[[ EXERCISE INPUT, beginning ]]

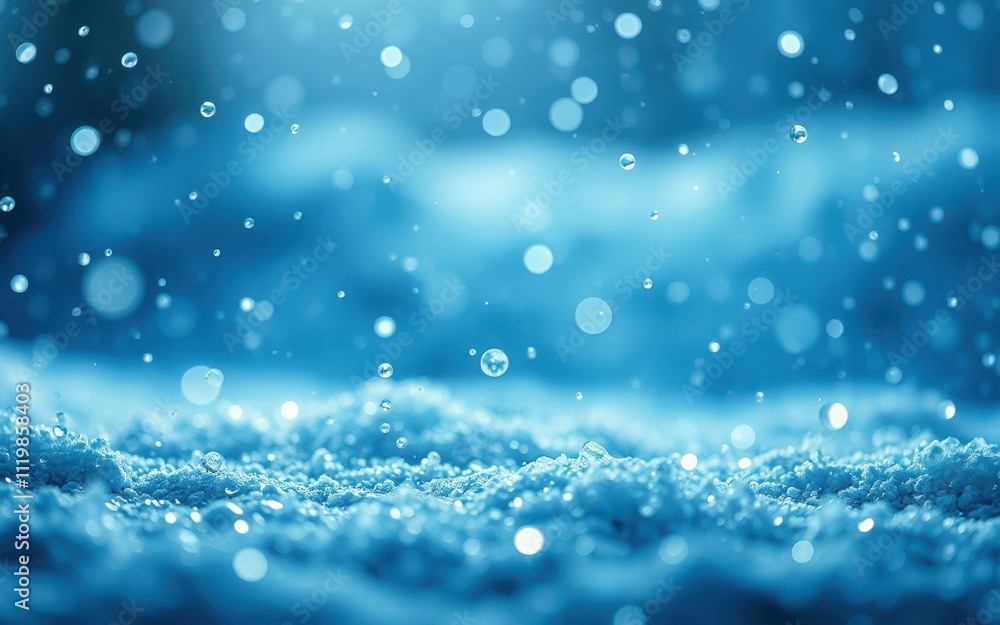 Raindrops fall gently onto a soft surface, creating a serene blue atmosphere in the evening light Raindrops fall gently onto a soft surface, creating a serene blue atmosphere in the evening light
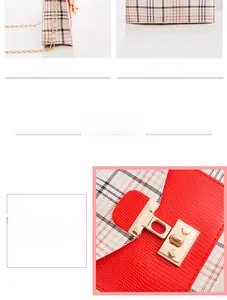 Close-up of red lizard-embossed leather, plaid fabric, and golden rotating lock details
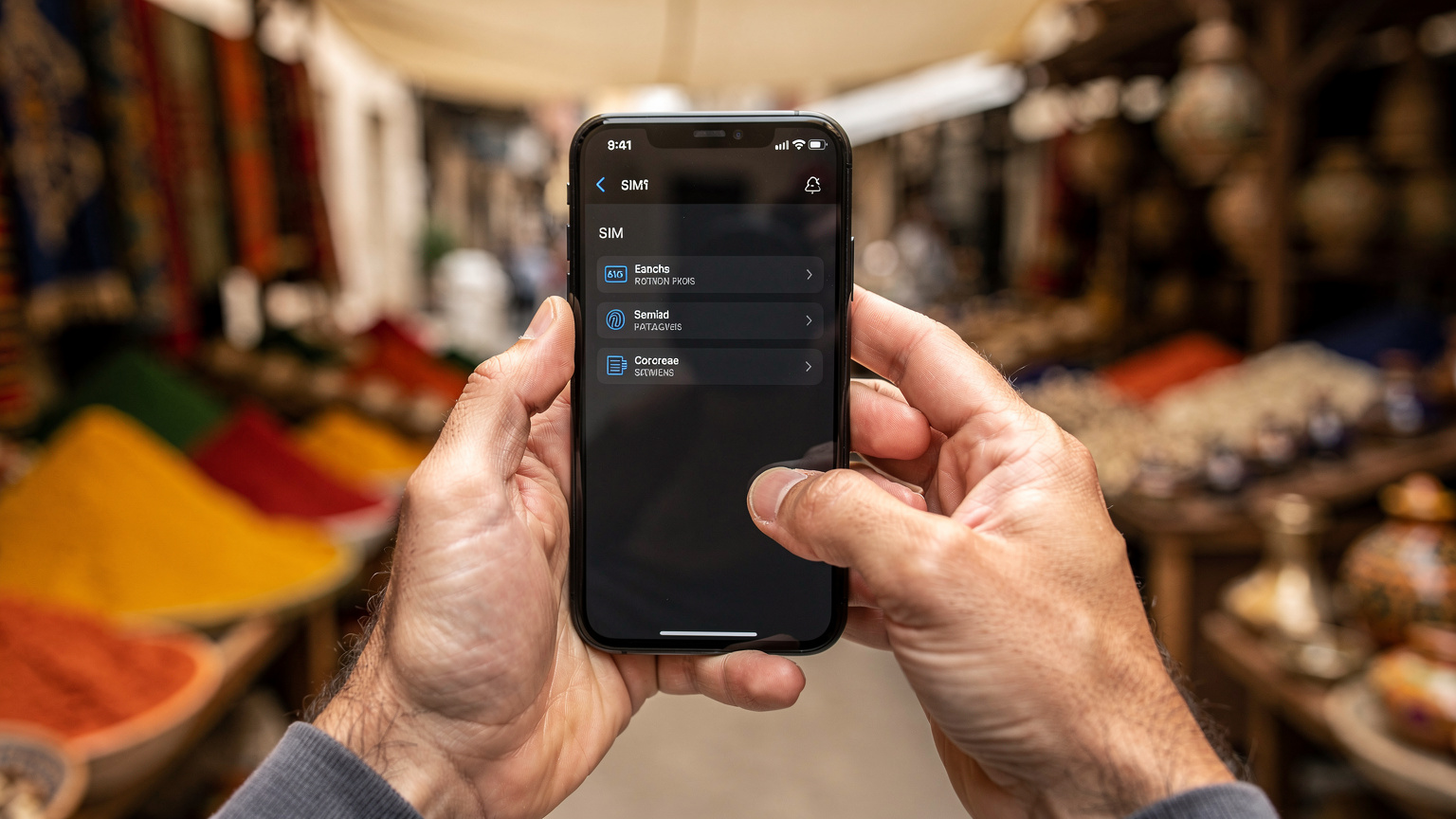 Un gros plan sur des mains tenant un smartphone, affichant un écran de paramètres réseau avec des options d'eSIM, sur fond flou d'un marché animé à Alger.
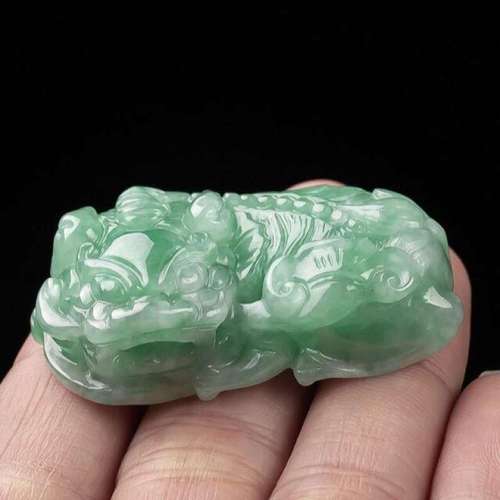 翡翠霸王貔貅吊坠缅甸货玉石男女士款皮丘霸气貔貅玉佩挂件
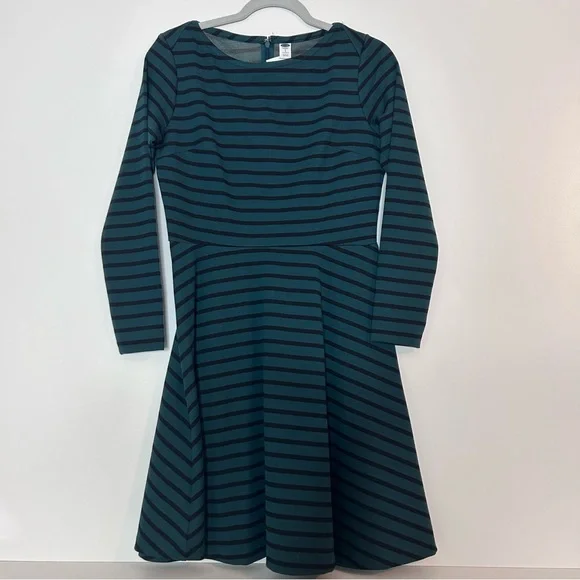 Old Navy Green & Black Striped Long Sleeve Short Dress - NWT - Size Small - Picture 2 of 7
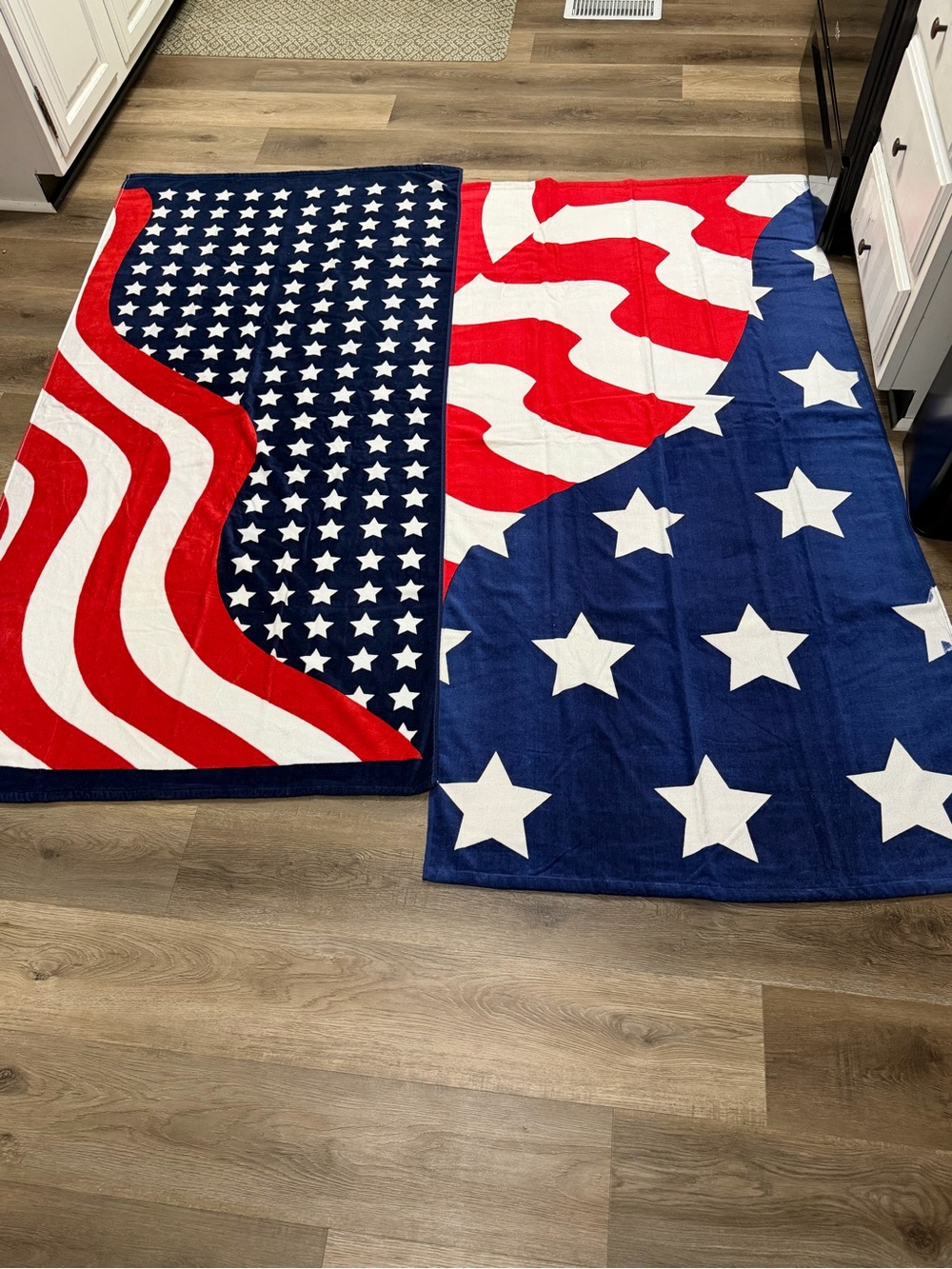 2 Lot Beach Towels American Flag Patriotic 71 X 36 & 69 X 36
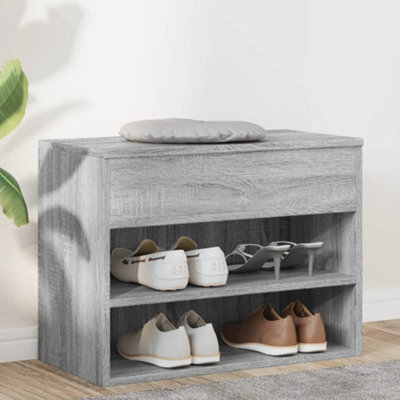 Vidaxl Shoe Bench Grey Sonoma 60X30X45 Cm Engineered Wood - image 1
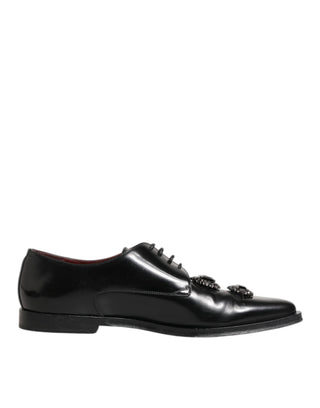 Dolce & Gabbana Black Leather Jeweled Crystals Derby Shoes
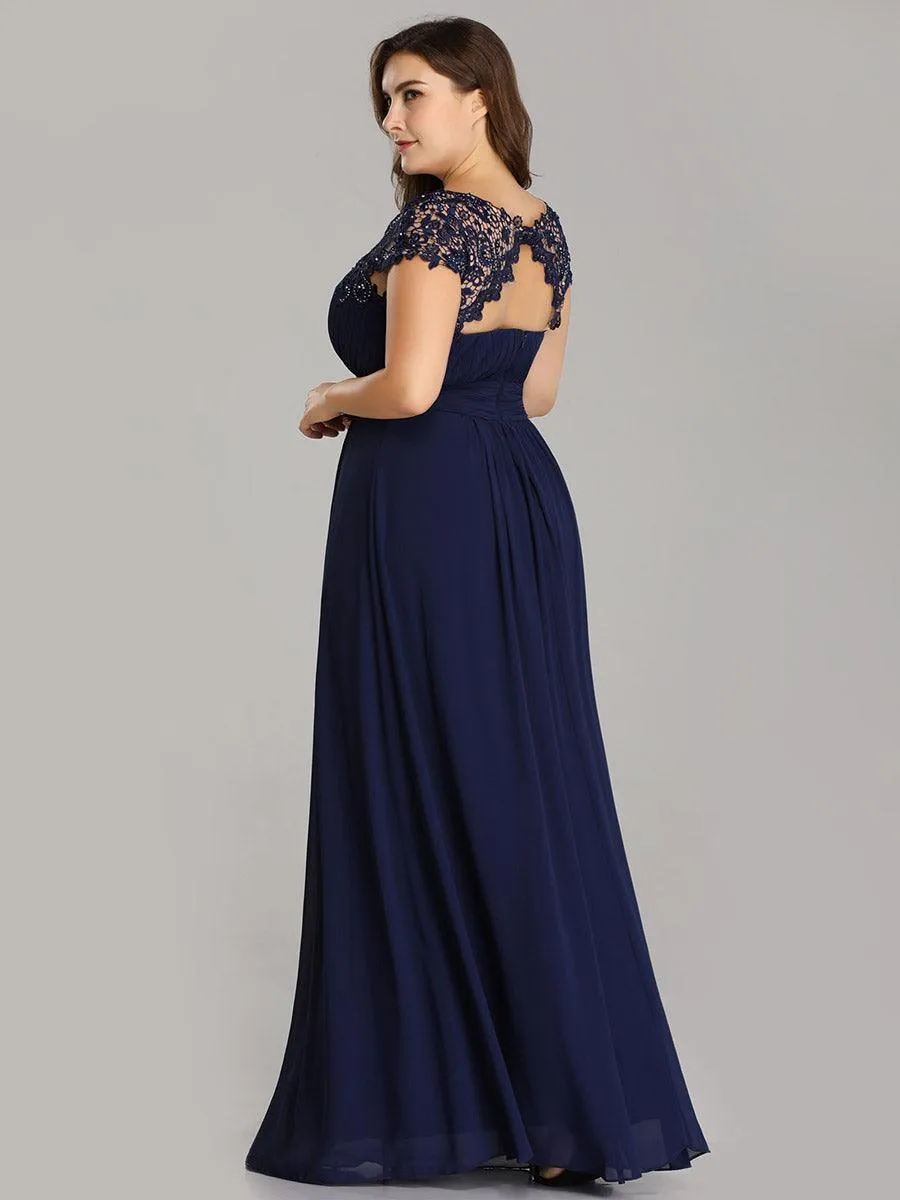 Taille personnalisée Robe demoiselle d'honneur mousseline Manches courtes flatteuses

[[ EXERCISE INPUT, end ]]

- _TASK PROMPT_
Return exactly, with no pictures, each line from the one that contains "Vidaxl Shoe Bench" through the end of the entries above, both ends included.

- _RESPONSE TO THIS EXERCISE_
 Vidaxl Shoe Bench Grey Sonoma 60X30X45 Cm Engineered Wood - image 1
 Dolce & Gabbana Black Leather Jeweled Crystals Derby Shoes
 Taille personnalisée Robe demoiselle d'honneur mousseline Manches courtes flatteuses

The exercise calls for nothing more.